Mailing List Archive

weird BGP cisco-ism?
I have a Cisco 7505 which is advertising about 50 routes to about 40
peers at mae-west, and a few others. One set of customers has been complaining
that their connectivity is going away right at that router, and then coming
back. Narrowed the set of customers down to a single CIDR block, at
204.147.224.0/20.

So, some of our peers are claiming that the route is flapping... that's
weird, we have them all nailed up to static routes... especially the CIDR
blocks. So I wrote a tool which you can peer a router with, and it watches
the BGP traffic and prints anything it gets, formatted, to standard out.

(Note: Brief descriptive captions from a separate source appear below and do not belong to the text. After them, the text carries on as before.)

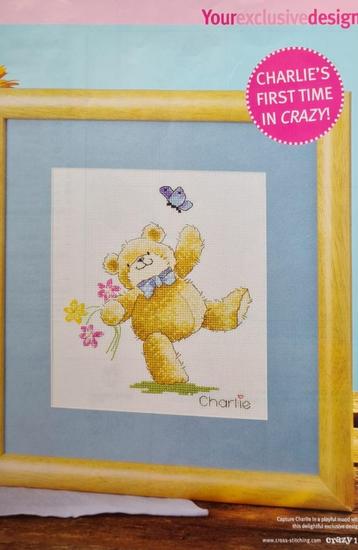 Charlie Teddybeer met vlinder en bloemen borduurpatroon beschikbaar voor biedingen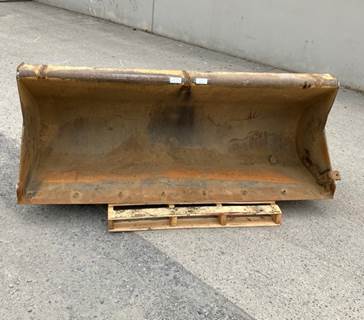 Caterpillar Bucket 60-2206 for a CAT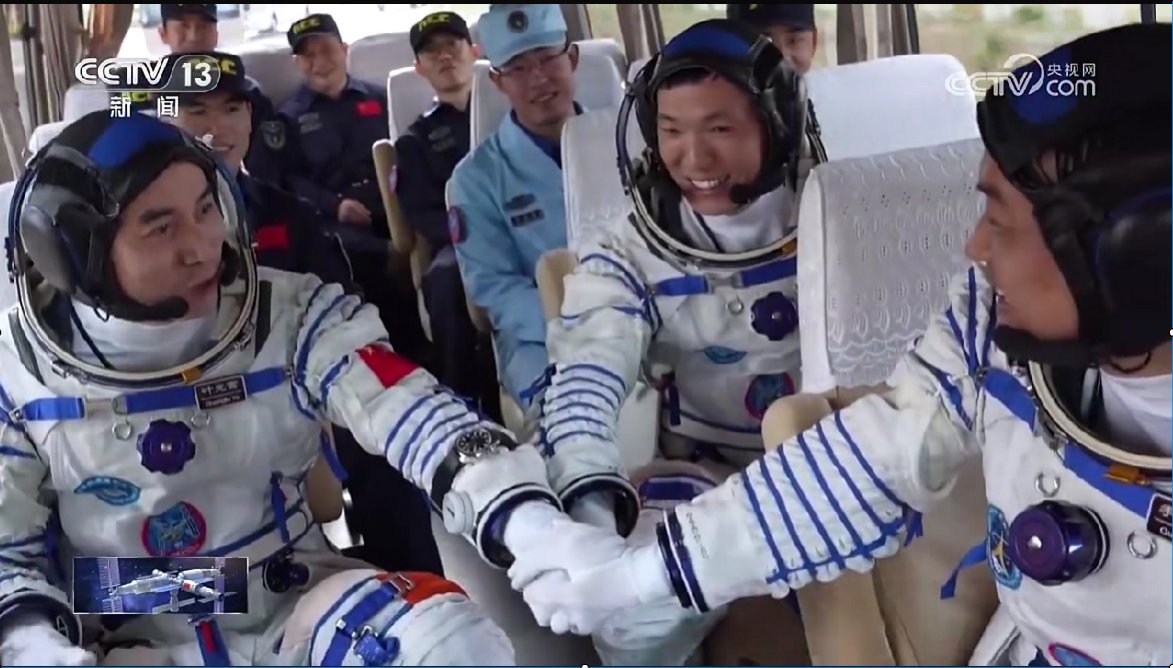 🛰️👨‍🚀After entering orbit, the Shenzhou XVIII spaceship will perform a fast automated rendezvous and docking with the radial port of the @CNSpaceStation's core module Tianhe, which will take about 6.5 hours. 👀Stay tuned for more updates! [📷/CMG]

My Cisco is sending fresh advertisements every 10-30 minutes for that route,
and not for any other of the routes it has, and it appeared to be all the same,
but on careful examination, it appears that each advertisement reflects a
change in the MULTI_EXIT_DISC from 0x00000000 to 0x00000014 and then back
again in the next advertisement.

What the heck am I seeing here? Is someone's flap damping code seeing the
repeated advertisements and suppressing me? Is my Cisco going crazy?

-matthew kaufman
matthew@scruz.net
Re: weird BGP cisco-ism? [ In reply to ]
Original message <199707110721.HAA01250@ice.genuity.net>
From: Danny McPherson <danny@genuity.net>
Date: Jul 11, 0:21
Subject: Re: weird BGP cisco-ism?
>
>
> if the primary route becomes unavailable and routing falls over to the "nailed
> up" route, a bgp update is still sent. (if dampening is enabled) this update
> is recorded by ebgp peers as a "flap". i'd guess from your message below that
> when this occurs your router(s) are also changing the med attached to the
> prefix, which seems normal to me...

WHAT?!?
This is ridiculous. There *must* be a way to have routes truly "nailed up"
such that flaps do not occur. I have static routes in there precisely
because I want to be friendly and reduce the number of routing announcements
which occur when interfaces transition (I have dozens and dozens of
people with class C networks attached via unreliable dialup lines)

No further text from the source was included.